It is well known that sensations from without will not only frequently excite dreaming, but will also often determine the character of the dreams. The following story is evidently an example of a dream of this nature.
On the 30th July, 1853, the dead body of a young woman was discovered in a field at Littleport, in the Isle of Ely. There could be little doubt that the woman had been murdered; and at the adjourned inquest held before Mr. W. Marshall, one of the coroners for the isle, on the 29th August, the following extraordinary evidence was given:—
"James Jessop, an elderly respectable-looking labourer, with a face of the most perfect stolidity, and who possessed a most curiously shaped skull, broad and flat at the top, and projecting greatly on each side over the ears, deposed: 'I live about a furlong and a half from where the body was found. I have seen the body of the deceased. I had never seen her before her death. On the night of Friday, the 29th of July, I dreamt three successive times that I heard the cry of murder issuing from near the bottom of a close called Little Ditchment Close (the place where the body was found). The first time I dreamt I heard the cry, it woke me. I fell asleep again, and dreamt the same again. I then woke again, and told my wife. I could not rest; but I dreamt it again after that. I got up between four or five o'clock, but I did not go down to the Close, the wheat and barley in which have since been cut. I dreamt once, about twenty years ago, that I saw a woman hanging in a barn, and on passing the next morning the barn which appeared to me in my dream, I entered, and did find a woman there hanging, and cut her down just in time to save her life. I never told my wife I heard any cries of murder, but I have mentioned it to several persons since. I saw the body on the Saturday it was found. I did not mention my dream to any one till a day or two after that. I saw the field distinctly in my dream, and the trees thereon, but I saw no person in it. On the night of the murder the wind lay from that spot to my house."
"Rhoda Jessop, wife of the last witness, stated that her husband related his dreams to her, on the evening of the day the body was found."[72]
It is highly probable, that in this instance, the screams of the unfortunate woman, borne upon the wind, were the exciting cause of the dreams, and the direction from which the sound came would be sufficient to call up the associated idea of the fields in which the murder occurred. The powerful impression made upon the mind of the man, according to his own account, will sufficiently account for the repetition of the dreams; and the statement that the particulars of the dream were not related until after the finding of the body, must induce a little caution to the reception of the above version as an actual detail of the facts of the case. This remark applies also to the dream interpolated in the evidence.
Among the most vivid and connected dreams, are those excited by a dominant or absorbing train of thought, which has engaged the mind during waking hours, or by powerful or protracted emotion.
M. Boismont relates a dream, which he conceives is to be classed among the inexplicable phenomena of this nature, but which, with all deference to that distinguished psychologist, is rather to be placed in the category we have just named.
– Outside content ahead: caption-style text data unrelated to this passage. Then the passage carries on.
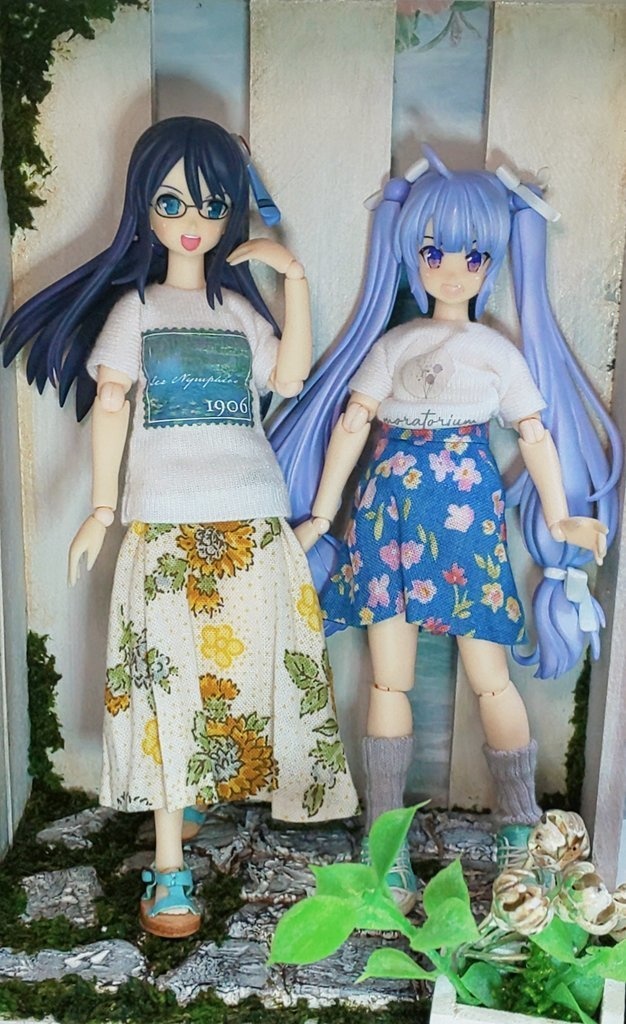 ロングスカート 【夏っぽい柄】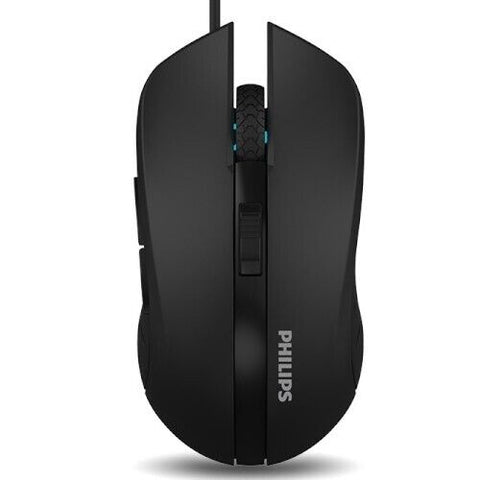 Philips G313/SPK9313 Wired Mouse 2400 DPI 5-Button 1-Wheel (Black)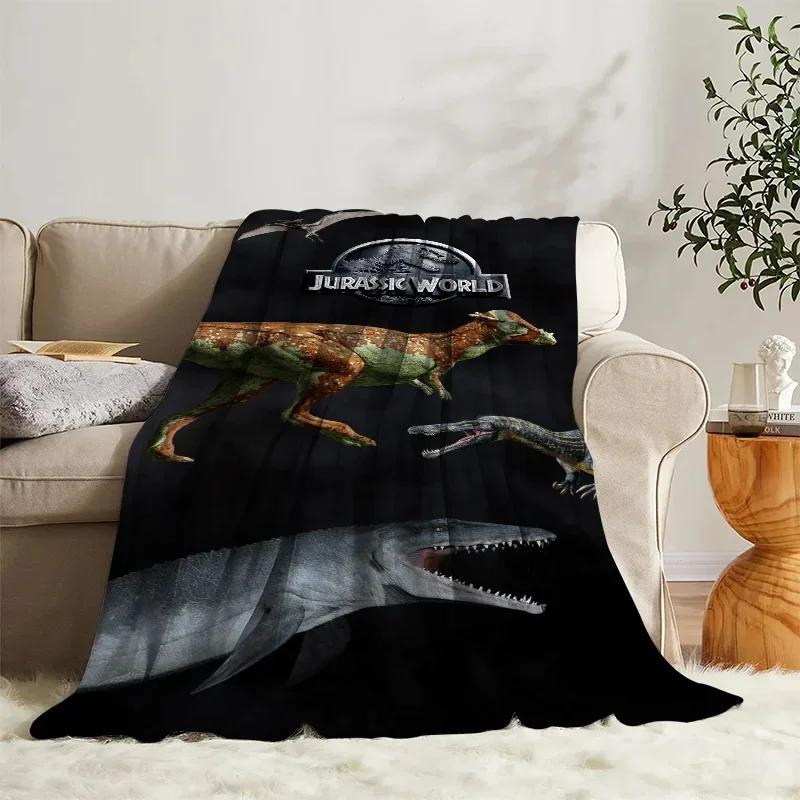 Fluffy Blanket  J-Jurassic Park Bed Sofa Camp Nap Bedroom Decor Bedspread Soft Fleece Home Textile Birthday Wedding Gift Blanket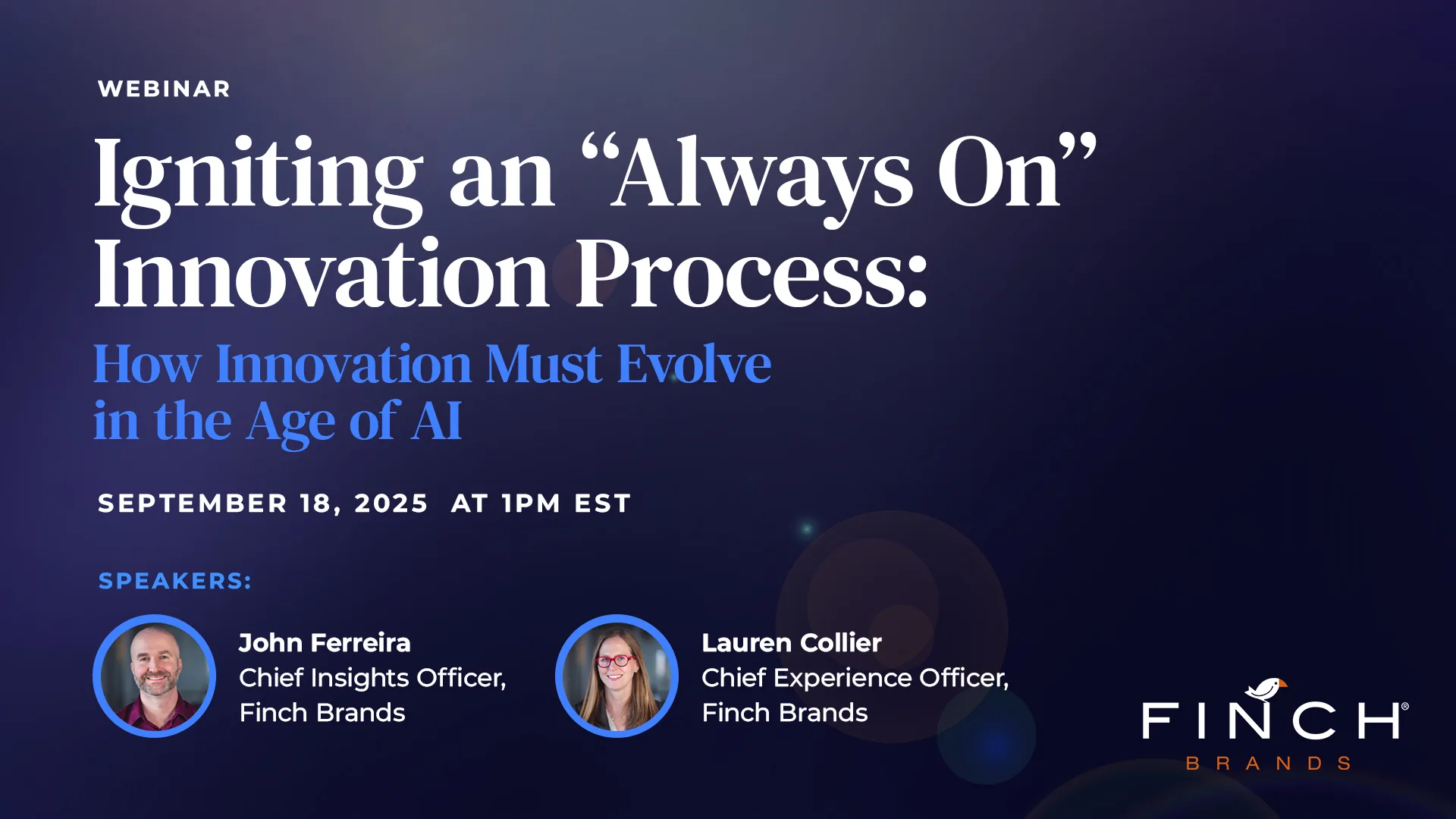 Webinar – Igniting an Always on Innovation Process: How Innovation Must Evolve in the Age of AI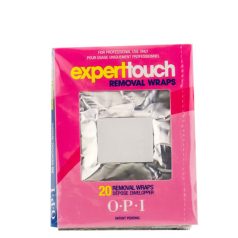 OPI Expert Touch Removal Wraps - leoldó fólia - 20 db
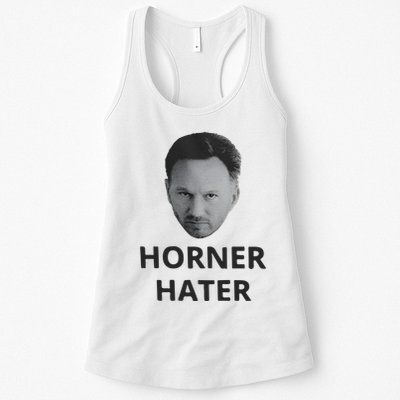 I Am A Hardcore Christian Front Horner Hater Back Womens Tank Top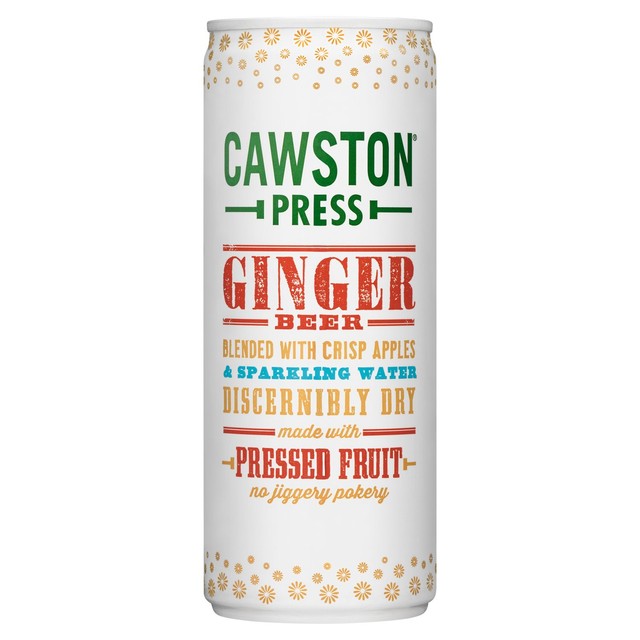Cawston Press sparkling ginger beer 250ml, UK version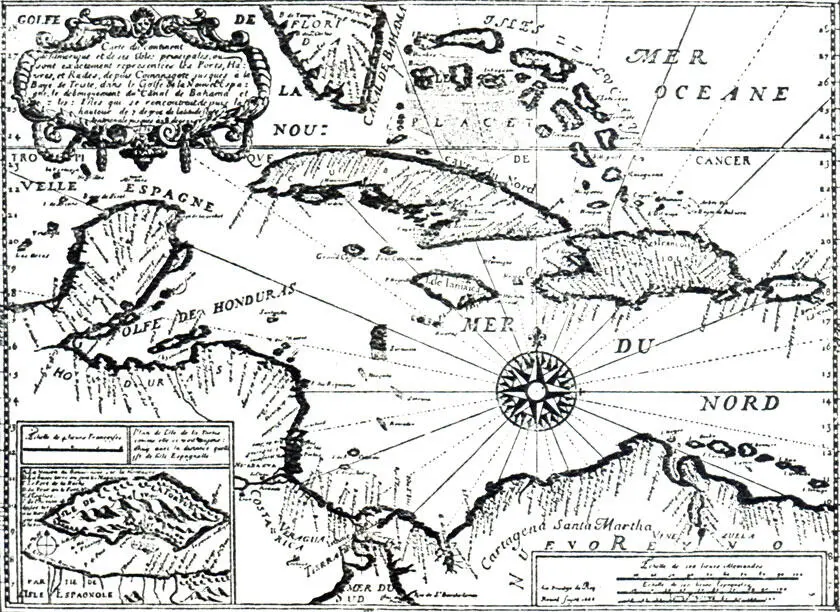 2 Старая карта карибского царства пиратов Странный хаотический мир интересных - фото 214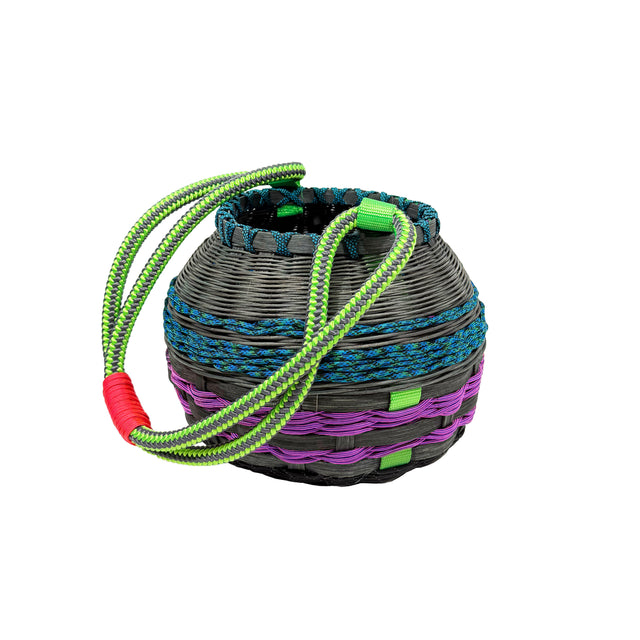 Medium Lantern Style Basket - Black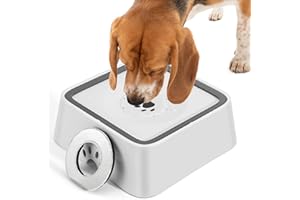 HAPPY HACHI Bebedero Perro Antigoteo con Filtro, 2L Cuenco Lenta para Mascotas, Cuenco de Agua Flotante para Gato Abs, Sin Derrames, A Prueba de Polvo (2L)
Miss R., gifted with an excellent judgment, and religious without bigotry, lived, before her marriage, at the house of an uncle, a celebrated physician, and a member of the Institute. She was at that time separated from her mother, who had been attacked, in the country, by a severe illness. One night, this young lady dreamed that she saw her mother before her, pale, disfigured, about to render the last breath, and showing particularly lively grief at not being surrounded by her children, of whom one, curé of one of the parishes in Paris, had emigrated to Spain, and the other was in Paris. Presently she heard her call upon her many times by her Christian name; whereupon the persons who surrounded her mother, supposing that she called her grand-daughter, who bore the same name, went to seek her in the neighbouring room, but a sign from the invalid apprised them that it was not the grand-daughter, but the daughter who resided in Paris, that she wished to see. Her appearance expressed the grief she felt at her absence; suddenly her features changed, became covered with the paleness of death, and she fell without life on the bed.